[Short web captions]
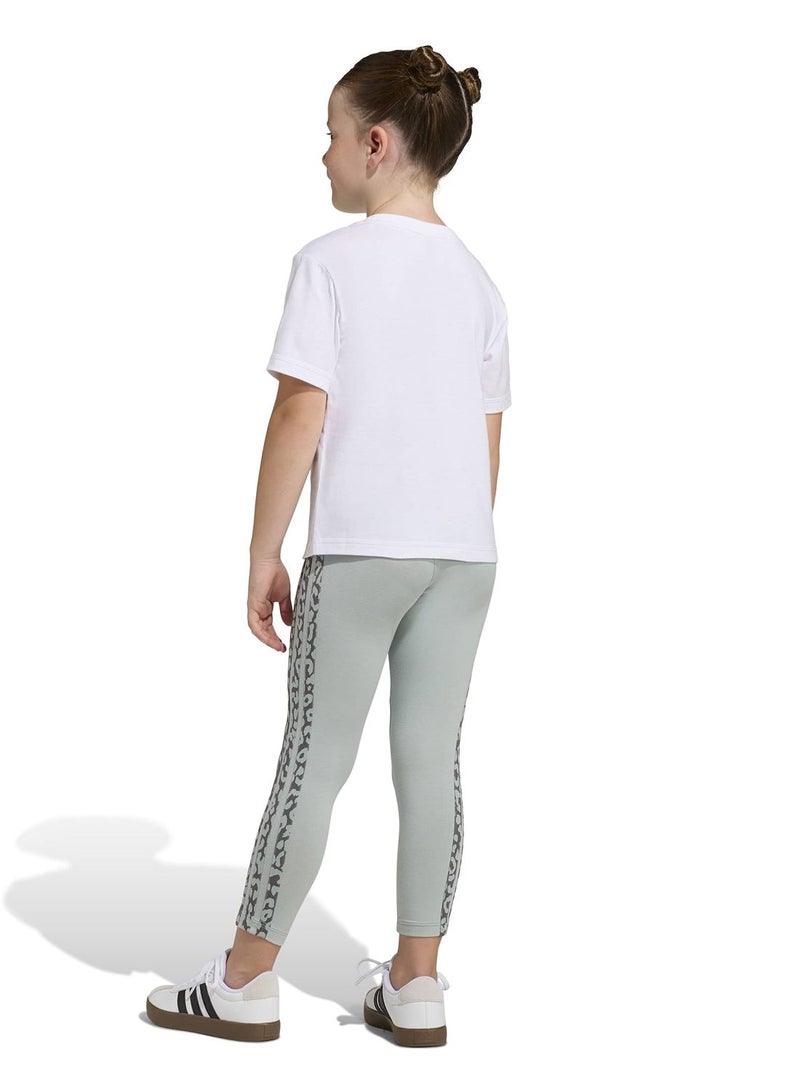 Adidas Seasonals Animal Set - Image 2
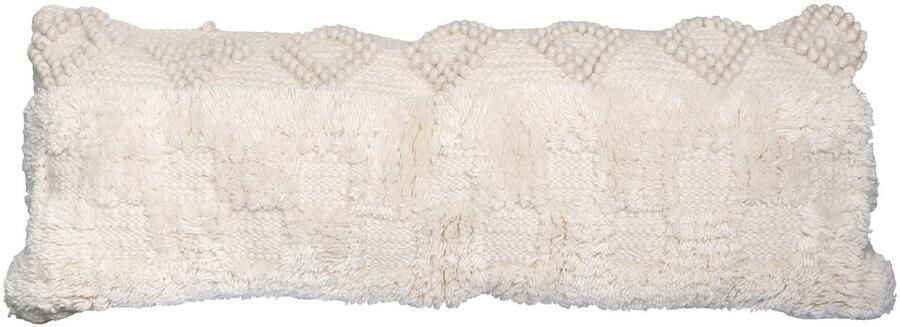 Kayoom Sierkussen Bohist 125 (1 stuk)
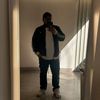 dynfytj9kam4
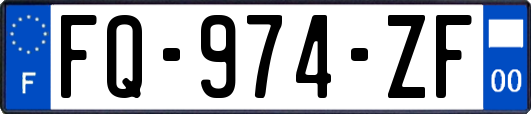 FQ-974-ZF
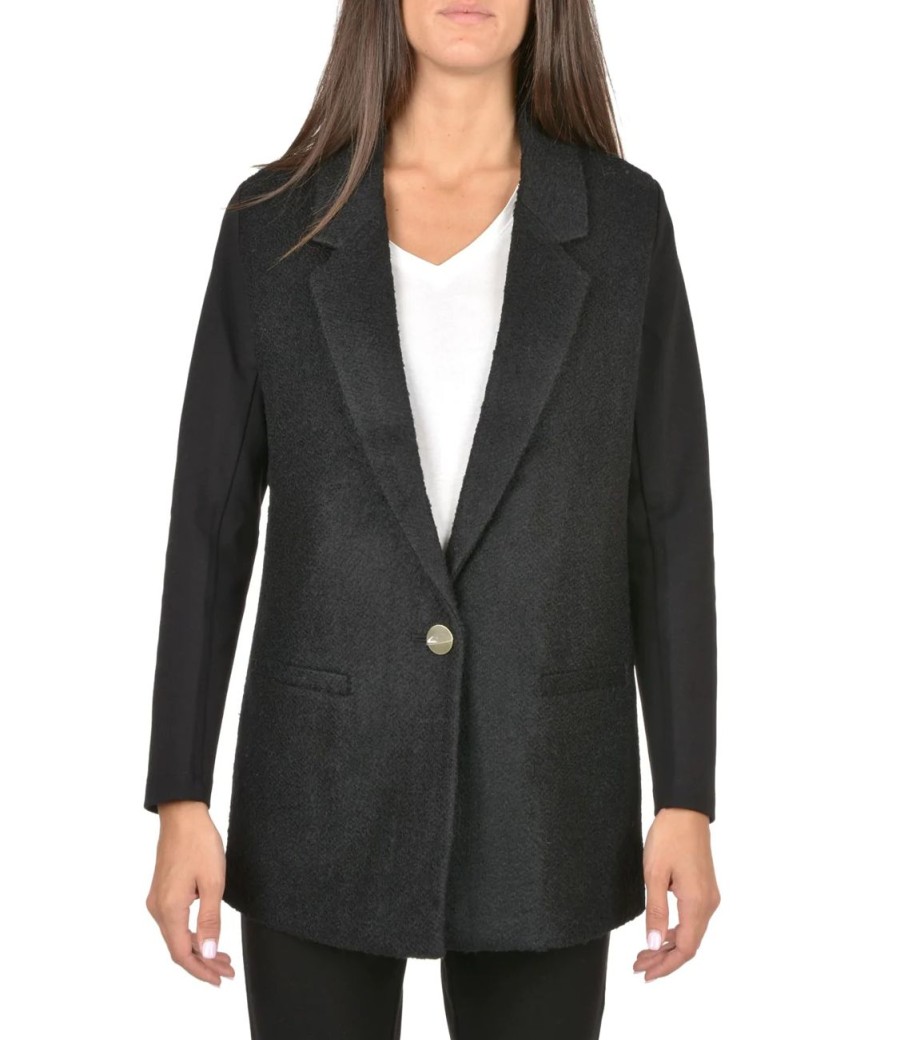 Women ARMANI EXCHANGE Light Jacket | Light Jacket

Try it. Word for word, give the entries back in full; the pictures do not belong in the copy.

Response area.
 Adidas Seasonals Animal Set - Image 2
 Kayoom Sierkussen Bohist 125 (1 stuk)
 dynfytj9kam4
 FQ-974-ZF
 Women ARMANI EXCHANGE Light Jacket | Light Jacket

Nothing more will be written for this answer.